Canada is a popular emigration destination for Americans and this is mainly because of the short distance and cultural differences. Canada is a reasonably laid-back country with stunning scenery and an abundance of wildlife, making it somewhat idyllic for those wanting to escape a busy life in the US. However, emigrating to another country isn’t a decision which should be taken lightly and just because they’re next door, doesn’t mean you can simply hop over the border and start living there. Financial and legal aspects of emigrating both need to be taken into account.
Visa – If you’re visiting Canada for over 180 days, you need a visa. American citizens can usually obtain a visa under the ‘economic stream of immigration’, which means that if you have a particular skill, such as an engineer, you shouldn’t have any problem. However, if you’re emigrating from another country, such as the UK, a decision may take a lot longer. Other aspects of your life taken into account when you apply for a Canadian visa are your age, level of education, income, health, whether your family is coming with you and whether you have a job already waiting for you. These regulations are in place to ensure Canada only allows the most desirable candidates to live in their country.
Taking care of your finances
Banking – Although it’s sensible to open a Canadian bank account before you move in order for all your funds to be transferred in time, it is possible to bank across the border from Canada, which can make the transition slightly easier. Ask your bank what the best option is and whether they have counterparts in Canada.

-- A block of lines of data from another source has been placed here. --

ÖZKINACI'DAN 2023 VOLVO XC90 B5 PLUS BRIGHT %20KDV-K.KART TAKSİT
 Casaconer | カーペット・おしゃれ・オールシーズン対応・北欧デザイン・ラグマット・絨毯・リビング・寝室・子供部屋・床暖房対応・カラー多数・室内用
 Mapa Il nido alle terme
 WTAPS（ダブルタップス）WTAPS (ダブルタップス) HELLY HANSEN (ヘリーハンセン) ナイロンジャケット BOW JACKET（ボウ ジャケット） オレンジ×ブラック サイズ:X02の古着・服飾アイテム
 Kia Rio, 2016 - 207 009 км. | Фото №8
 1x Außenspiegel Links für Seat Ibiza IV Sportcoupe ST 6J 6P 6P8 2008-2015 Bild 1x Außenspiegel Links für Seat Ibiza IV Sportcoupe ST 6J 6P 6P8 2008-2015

Healthcare and taxes – Health insurance is paid for via your taxes, similar to the NHS in the UK and therefore, you’ll no longer need to pay for your separate health insurance in the US. Make sure you cut this off as soon as possible, pay any cancellation charges promptly and apply for public health insurance in Canada as soon as you can.
Tax rates in Canada are not too dissimilar to those in the US. The amount you pay depends on where you live and how much you earn. The US, however, allows for you and your spouse to join your incomes for a joint return, where Canada doesn’t. The US also allows additional deductions.